• [Work to be completed]
Working from the start of the listing, please write out exactly the lines through the one that holds "aerial view at", both included, and omit all pictures.

▬▬▬▬▬▬

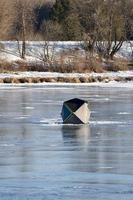 winter in Manitoba - ice fishing on the Red River photo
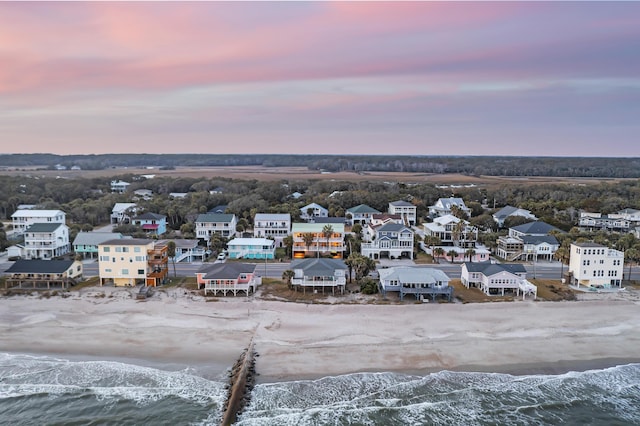 aerial view at dusk featuring a water view and a beach view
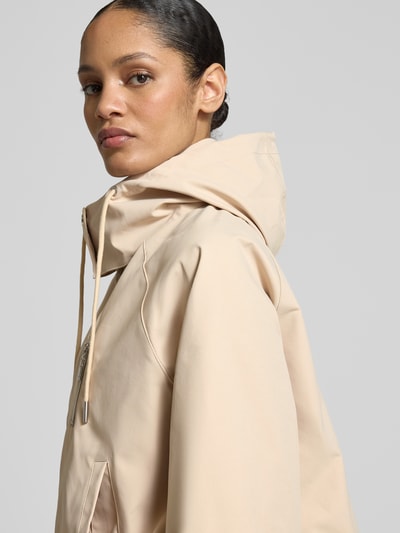 Vrouwenmodel draagt Jacke mit Kapuze und Zweiwege-Reißverschluss van monari in beige met steekzakken, relaxed fit, detailopname schouder. Ruglengte maat 36: 56 cm, schouderbreedte: 45 cm, borstwijdte: 54 cm, mouwlengte: 58 cm.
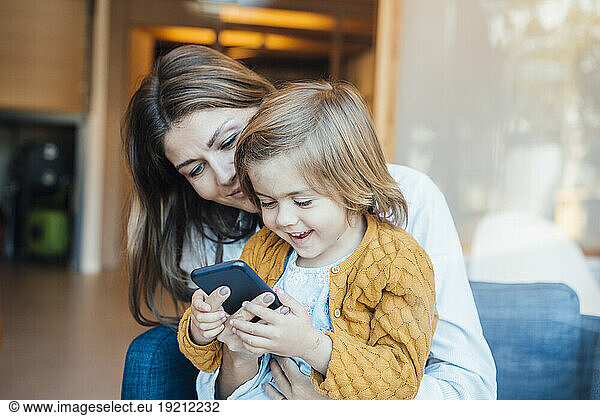 Happy daughter using smart phone with mother at home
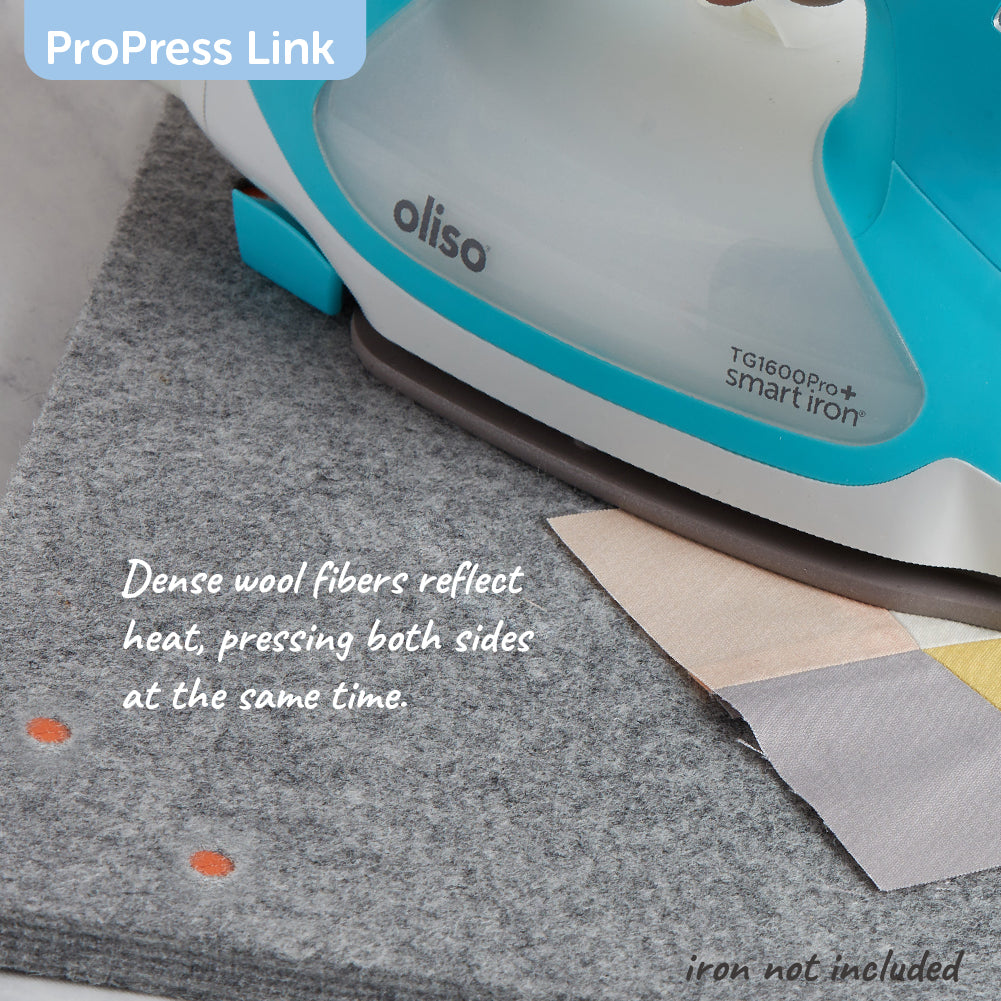 Oliso Smart Iron  pressing quilt squares on the felt mat, the dense fibers reflect heat pressing both sides at once.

▬▬▬▬▬▬

• [Response to the task]
 winter in Manitoba - ice fishing on the Red River photo
 aerial view at dusk featuring a water view and a beach view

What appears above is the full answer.